:: THE TASK ::
The entries below contain a line with "National Geographic Ultimate" and a line with "SPRINGLE 1 lb". Retype exactly everything from the first down to the second, both included, and nothing else.

:: DATA RECORDS ::
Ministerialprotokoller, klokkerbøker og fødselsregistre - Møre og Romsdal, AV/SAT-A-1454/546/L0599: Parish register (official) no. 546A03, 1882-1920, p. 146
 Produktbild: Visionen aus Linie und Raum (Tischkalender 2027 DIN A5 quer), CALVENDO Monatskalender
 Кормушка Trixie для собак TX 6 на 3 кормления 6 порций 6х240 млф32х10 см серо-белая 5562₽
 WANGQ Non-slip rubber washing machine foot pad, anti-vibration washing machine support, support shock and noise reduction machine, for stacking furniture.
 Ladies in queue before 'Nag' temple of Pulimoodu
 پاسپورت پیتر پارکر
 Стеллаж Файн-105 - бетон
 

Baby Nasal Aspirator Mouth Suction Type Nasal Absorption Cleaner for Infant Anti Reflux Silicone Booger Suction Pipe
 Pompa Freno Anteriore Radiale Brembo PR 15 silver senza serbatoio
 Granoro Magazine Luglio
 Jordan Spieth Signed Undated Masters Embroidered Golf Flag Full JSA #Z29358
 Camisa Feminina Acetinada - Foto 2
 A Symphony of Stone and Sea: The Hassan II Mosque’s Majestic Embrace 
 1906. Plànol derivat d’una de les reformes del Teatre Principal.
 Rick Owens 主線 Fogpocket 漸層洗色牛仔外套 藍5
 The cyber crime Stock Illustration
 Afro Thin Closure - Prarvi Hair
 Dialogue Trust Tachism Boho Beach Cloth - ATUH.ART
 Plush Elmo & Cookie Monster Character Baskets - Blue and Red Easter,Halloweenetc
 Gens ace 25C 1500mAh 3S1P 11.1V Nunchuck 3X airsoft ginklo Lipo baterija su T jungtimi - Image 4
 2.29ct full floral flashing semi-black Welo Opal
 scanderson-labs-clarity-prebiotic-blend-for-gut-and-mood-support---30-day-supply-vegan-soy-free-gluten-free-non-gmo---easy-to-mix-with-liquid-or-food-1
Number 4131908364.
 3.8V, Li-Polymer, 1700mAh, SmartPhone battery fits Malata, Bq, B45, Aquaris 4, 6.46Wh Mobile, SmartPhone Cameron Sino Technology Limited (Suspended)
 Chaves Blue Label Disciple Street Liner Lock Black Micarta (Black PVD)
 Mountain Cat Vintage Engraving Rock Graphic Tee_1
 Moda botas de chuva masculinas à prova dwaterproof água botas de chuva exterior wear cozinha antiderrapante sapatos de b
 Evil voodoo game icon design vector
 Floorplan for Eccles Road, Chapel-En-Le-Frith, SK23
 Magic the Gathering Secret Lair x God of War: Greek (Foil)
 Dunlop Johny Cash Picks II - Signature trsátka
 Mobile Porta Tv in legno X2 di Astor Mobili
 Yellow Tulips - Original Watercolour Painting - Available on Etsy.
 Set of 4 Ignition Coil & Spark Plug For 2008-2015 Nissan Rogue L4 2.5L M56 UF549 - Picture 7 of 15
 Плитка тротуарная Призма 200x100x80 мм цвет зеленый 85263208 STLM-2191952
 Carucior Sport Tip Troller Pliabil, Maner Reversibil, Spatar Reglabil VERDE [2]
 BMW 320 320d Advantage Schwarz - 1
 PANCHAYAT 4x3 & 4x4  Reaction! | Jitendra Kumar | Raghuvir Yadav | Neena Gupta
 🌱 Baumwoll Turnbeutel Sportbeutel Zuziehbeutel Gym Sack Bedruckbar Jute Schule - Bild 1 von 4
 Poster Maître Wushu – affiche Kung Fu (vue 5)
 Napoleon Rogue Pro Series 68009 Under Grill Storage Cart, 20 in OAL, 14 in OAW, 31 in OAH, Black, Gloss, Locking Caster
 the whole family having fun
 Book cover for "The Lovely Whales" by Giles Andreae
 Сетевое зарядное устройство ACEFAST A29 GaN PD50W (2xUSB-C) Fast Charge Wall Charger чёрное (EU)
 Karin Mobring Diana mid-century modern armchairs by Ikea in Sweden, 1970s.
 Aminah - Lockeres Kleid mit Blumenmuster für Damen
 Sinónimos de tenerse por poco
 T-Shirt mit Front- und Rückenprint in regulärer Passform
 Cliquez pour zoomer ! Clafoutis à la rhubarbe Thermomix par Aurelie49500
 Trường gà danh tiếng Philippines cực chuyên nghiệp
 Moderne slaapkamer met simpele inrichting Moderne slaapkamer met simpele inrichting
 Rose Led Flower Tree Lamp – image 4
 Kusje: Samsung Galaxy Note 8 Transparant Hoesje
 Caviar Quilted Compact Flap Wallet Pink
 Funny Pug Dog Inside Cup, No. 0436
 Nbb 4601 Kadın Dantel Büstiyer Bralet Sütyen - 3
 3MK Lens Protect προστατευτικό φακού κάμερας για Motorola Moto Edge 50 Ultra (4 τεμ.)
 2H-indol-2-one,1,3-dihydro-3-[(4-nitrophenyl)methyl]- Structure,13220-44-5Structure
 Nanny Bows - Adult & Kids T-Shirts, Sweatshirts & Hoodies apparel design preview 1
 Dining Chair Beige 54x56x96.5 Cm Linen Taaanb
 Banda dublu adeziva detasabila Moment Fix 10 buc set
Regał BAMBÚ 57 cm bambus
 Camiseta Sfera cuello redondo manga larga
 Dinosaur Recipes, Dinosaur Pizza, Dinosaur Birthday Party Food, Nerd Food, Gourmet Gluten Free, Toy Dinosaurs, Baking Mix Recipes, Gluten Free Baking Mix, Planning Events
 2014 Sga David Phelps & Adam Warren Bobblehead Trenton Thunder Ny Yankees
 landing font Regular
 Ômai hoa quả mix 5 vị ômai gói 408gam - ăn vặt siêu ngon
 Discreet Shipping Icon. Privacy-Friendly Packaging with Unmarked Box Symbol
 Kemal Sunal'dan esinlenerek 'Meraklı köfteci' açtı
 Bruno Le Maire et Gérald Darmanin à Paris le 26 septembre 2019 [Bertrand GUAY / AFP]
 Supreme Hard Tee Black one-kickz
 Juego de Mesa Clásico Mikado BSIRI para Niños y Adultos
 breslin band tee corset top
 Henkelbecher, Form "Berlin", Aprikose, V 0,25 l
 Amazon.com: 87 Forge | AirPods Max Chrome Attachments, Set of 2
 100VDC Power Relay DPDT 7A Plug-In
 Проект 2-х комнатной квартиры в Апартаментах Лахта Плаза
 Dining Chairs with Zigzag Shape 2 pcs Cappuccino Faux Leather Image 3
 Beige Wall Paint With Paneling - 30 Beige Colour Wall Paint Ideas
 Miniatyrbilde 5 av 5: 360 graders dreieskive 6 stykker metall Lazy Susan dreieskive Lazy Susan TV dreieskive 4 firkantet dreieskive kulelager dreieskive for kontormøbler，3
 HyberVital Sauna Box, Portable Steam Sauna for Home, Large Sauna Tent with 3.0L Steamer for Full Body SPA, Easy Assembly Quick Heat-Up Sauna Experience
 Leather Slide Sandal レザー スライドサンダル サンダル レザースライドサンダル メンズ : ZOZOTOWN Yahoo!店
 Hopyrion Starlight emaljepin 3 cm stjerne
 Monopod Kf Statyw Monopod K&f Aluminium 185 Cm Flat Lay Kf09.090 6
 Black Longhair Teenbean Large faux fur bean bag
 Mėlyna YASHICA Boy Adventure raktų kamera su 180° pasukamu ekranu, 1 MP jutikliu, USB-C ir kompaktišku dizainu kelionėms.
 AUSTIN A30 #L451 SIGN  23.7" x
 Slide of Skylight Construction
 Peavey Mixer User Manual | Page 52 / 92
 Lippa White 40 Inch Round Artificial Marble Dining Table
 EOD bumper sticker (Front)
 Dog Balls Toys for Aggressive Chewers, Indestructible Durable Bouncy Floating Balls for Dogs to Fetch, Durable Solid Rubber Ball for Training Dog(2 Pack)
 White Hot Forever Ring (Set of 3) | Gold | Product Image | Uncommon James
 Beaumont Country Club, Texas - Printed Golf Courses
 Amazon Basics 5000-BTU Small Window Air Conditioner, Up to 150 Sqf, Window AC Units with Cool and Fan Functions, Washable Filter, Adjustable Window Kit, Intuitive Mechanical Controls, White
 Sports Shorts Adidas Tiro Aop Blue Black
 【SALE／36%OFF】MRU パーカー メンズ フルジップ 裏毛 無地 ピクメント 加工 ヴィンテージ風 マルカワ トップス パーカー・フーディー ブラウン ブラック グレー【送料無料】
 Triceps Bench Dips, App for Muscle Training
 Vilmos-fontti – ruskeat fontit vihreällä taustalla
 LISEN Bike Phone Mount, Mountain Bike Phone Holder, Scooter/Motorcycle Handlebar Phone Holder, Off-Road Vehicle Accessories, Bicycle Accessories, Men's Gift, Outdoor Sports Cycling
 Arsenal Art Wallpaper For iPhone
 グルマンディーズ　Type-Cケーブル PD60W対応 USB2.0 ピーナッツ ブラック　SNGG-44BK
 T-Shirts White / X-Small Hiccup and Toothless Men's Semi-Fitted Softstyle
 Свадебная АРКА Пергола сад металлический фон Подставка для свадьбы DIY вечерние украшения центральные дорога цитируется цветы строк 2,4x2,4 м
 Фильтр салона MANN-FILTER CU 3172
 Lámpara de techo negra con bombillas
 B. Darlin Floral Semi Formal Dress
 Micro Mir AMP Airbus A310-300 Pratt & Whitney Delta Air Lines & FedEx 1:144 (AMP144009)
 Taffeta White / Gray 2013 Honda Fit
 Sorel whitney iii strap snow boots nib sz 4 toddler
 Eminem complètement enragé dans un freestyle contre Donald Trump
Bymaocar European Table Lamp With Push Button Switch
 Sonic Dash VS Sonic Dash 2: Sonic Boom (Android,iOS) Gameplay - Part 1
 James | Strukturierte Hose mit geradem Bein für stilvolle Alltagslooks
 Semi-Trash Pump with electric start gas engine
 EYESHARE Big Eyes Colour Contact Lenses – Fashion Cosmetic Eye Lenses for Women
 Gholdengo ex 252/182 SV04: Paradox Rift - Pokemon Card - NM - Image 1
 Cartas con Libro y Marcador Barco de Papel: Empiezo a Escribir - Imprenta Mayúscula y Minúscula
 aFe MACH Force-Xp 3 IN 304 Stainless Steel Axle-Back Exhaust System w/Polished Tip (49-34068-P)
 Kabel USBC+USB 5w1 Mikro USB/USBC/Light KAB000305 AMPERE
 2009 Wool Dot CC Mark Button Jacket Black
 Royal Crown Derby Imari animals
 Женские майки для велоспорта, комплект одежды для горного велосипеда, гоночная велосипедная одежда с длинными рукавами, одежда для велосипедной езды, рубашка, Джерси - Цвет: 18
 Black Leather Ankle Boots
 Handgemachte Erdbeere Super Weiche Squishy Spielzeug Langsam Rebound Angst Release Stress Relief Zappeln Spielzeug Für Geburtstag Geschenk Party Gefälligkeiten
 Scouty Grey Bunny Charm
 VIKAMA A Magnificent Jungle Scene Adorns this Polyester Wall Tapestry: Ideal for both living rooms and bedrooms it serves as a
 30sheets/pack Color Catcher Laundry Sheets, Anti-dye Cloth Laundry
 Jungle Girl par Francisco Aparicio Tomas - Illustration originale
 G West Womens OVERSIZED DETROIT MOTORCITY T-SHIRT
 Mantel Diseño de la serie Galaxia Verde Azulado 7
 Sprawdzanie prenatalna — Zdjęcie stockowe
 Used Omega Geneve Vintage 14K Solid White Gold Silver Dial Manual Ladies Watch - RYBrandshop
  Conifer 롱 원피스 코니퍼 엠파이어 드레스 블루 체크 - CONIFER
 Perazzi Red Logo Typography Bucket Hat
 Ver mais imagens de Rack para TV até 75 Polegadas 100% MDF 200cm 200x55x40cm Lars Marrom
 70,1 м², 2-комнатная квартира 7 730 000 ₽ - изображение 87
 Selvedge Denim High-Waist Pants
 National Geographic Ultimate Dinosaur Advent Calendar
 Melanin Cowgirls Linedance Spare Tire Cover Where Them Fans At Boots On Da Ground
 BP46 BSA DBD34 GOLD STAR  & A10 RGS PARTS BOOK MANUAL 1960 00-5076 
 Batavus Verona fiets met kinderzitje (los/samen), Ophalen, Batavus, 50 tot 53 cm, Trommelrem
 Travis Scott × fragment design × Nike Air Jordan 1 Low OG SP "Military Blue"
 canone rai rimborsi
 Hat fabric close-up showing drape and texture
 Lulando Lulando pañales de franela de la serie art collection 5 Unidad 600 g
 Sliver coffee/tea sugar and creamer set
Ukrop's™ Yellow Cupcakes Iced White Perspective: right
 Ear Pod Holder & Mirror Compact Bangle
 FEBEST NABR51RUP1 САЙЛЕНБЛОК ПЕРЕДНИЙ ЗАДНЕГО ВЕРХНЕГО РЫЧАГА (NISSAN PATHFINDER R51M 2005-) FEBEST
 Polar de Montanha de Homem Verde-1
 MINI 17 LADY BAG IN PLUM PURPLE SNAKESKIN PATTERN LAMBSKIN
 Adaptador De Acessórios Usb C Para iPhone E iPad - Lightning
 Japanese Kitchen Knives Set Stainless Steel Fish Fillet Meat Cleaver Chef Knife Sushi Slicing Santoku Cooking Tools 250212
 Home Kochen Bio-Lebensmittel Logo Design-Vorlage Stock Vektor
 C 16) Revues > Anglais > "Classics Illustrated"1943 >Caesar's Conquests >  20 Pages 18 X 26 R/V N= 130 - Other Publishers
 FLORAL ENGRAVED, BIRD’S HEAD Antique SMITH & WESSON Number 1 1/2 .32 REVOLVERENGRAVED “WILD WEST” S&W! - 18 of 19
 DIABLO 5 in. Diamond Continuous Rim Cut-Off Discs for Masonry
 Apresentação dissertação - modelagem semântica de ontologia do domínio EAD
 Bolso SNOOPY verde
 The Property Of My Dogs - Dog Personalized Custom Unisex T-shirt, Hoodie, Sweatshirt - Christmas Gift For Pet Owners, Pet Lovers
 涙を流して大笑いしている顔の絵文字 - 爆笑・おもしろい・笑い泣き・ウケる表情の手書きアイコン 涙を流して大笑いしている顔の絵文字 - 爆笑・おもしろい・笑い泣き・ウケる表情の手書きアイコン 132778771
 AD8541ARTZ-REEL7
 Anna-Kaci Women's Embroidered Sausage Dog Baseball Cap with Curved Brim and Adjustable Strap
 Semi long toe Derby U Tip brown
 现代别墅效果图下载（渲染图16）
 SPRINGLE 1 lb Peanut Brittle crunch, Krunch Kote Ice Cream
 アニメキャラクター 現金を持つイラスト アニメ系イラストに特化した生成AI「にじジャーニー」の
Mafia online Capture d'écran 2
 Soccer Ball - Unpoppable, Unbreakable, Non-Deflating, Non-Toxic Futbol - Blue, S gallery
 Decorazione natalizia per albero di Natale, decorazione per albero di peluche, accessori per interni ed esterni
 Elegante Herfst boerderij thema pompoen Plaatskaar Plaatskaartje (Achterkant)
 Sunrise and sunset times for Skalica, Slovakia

:: ANSWER TO THIS EXERCISE ::
 National Geographic Ultimate Dinosaur Advent Calendar
 Melanin Cowgirls Linedance Spare Tire Cover Where Them Fans At Boots On Da Ground
 BP46 BSA DBD34 GOLD STAR  & A10 RGS PARTS BOOK MANUAL 1960 00-5076 
 Batavus Verona fiets met kinderzitje (los/samen), Ophalen, Batavus, 50 tot 53 cm, Trommelrem
 Travis Scott × fragment design × Nike Air Jordan 1 Low OG SP "Military Blue"
 canone rai rimborsi
 Hat fabric close-up showing drape and texture
 Lulando Lulando pañales de franela de la serie art collection 5 Unidad 600 g
 Sliver coffee/tea sugar and creamer set
Ukrop's™ Yellow Cupcakes Iced White Perspective: right
 Ear Pod Holder & Mirror Compact Bangle
 FEBEST NABR51RUP1 САЙЛЕНБЛОК ПЕРЕДНИЙ ЗАДНЕГО ВЕРХНЕГО РЫЧАГА (NISSAN PATHFINDER R51M 2005-) FEBEST
 Polar de Montanha de Homem Verde-1
 MINI 17 LADY BAG IN PLUM PURPLE SNAKESKIN PATTERN LAMBSKIN
 Adaptador De Acessórios Usb C Para iPhone E iPad - Lightning
 Japanese Kitchen Knives Set Stainless Steel Fish Fillet Meat Cleaver Chef Knife Sushi Slicing Santoku Cooking Tools 250212
 Home Kochen Bio-Lebensmittel Logo Design-Vorlage Stock Vektor
 C 16) Revues > Anglais > "Classics Illustrated"1943 >Caesar's Conquests >  20 Pages 18 X 26 R/V N= 130 - Other Publishers
 FLORAL ENGRAVED, BIRD’S HEAD Antique SMITH & WESSON Number 1 1/2 .32 REVOLVERENGRAVED “WILD WEST” S&W! - 18 of 19
 DIABLO 5 in. Diamond Continuous Rim Cut-Off Discs for Masonry
 Apresentação dissertação - modelagem semântica de ontologia do domínio EAD
 Bolso SNOOPY verde
 The Property Of My Dogs - Dog Personalized Custom Unisex T-shirt, Hoodie, Sweatshirt - Christmas Gift For Pet Owners, Pet Lovers
 涙を流して大笑いしている顔の絵文字 - 爆笑・おもしろい・笑い泣き・ウケる表情の手書きアイコン 涙を流して大笑いしている顔の絵文字 - 爆笑・おもしろい・笑い泣き・ウケる表情の手書きアイコン 132778771
 AD8541ARTZ-REEL7
 Anna-Kaci Women's Embroidered Sausage Dog Baseball Cap with Curved Brim and Adjustable Strap
 Semi long toe Derby U Tip brown
 现代别墅效果图下载（渲染图16）
 SPRINGLE 1 lb Peanut Brittle crunch, Krunch Kote Ice Cream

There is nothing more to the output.